Haloha! Apa kabar? Semoga selalu dalam keadaan sehat dan selamat. Anyway, beberapa pekan terakhir banyak berita yang mengabarkan tentang bencana alam. Mostly didominasi oleh bencana alam hasil aktivitas bawah permukaan bumi (gempa bumi). Tapi beberapa daerah di Indonesia juga diberitakan sedang dilanda hidrometeorologis berupa banjir. Selain karena intensitas curah hujan, faktor pendorong terjadinya banjir juga beranekaragam.
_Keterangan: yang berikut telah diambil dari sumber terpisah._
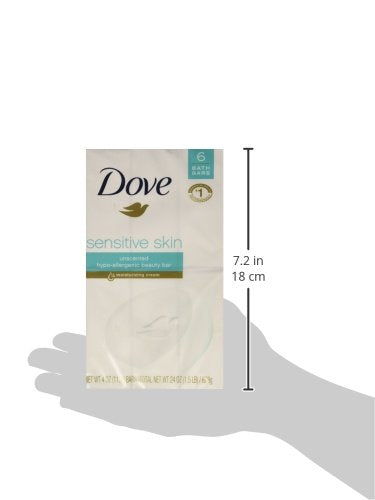 Product image of Dove Sensitive Skin Bath Bars Unscented 3.75 oz 6 Bars 3.75 oz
Omong-omong soal fenomena-fenomena hidrometeorologis, tentu sudah bukan hal baru buat kita. Hampir semua orang tau bahwa akhir-akhir ini cuaca dan musim sulit diprediksi, yang mana hal tersebut merupakan imbas secara langsung dari perubahan iklim. Petani yang mengandalkan kalender musim untuk mengetahui masa tanam juga mulai kesulitan. Dampaknya apa? Mereka semakin rentan secara ekonomi dan ekologis. Tidak hanya petani, nelayan maupun masyarakat yang hidup di sekitar wilayah pesisir juga merasakan dampak akibat adanya perubahan iklim.

Kalau dipikir-pikir, ketika kita bicara soal perubahan iklim, menurut teman-teman, siapa yang paling rentan terdampak?

Saat ini banyak negara di dunia yang sedang bertumbuhkembang pesat dalam hal industri, automatisasi, dan teknologi yang juga sedikit banyak menyumbang emisi dan perubahan iklim. Sementara, di saat yang bersamaan – mungkin juga di sekitar kita, ada petani yang menangis karena gagal panen, ada nelayan yang tidak bisa memberikan akses pendidikan kepada anaknya karena hasil tangkapan ikan mulai berkurang, dan ada keluarga di sekitar wilayah pesisir yang mulai bingung hendak tinggal dimana karena rumahnya mulai tergenang banjir rob setiap pasang melanda.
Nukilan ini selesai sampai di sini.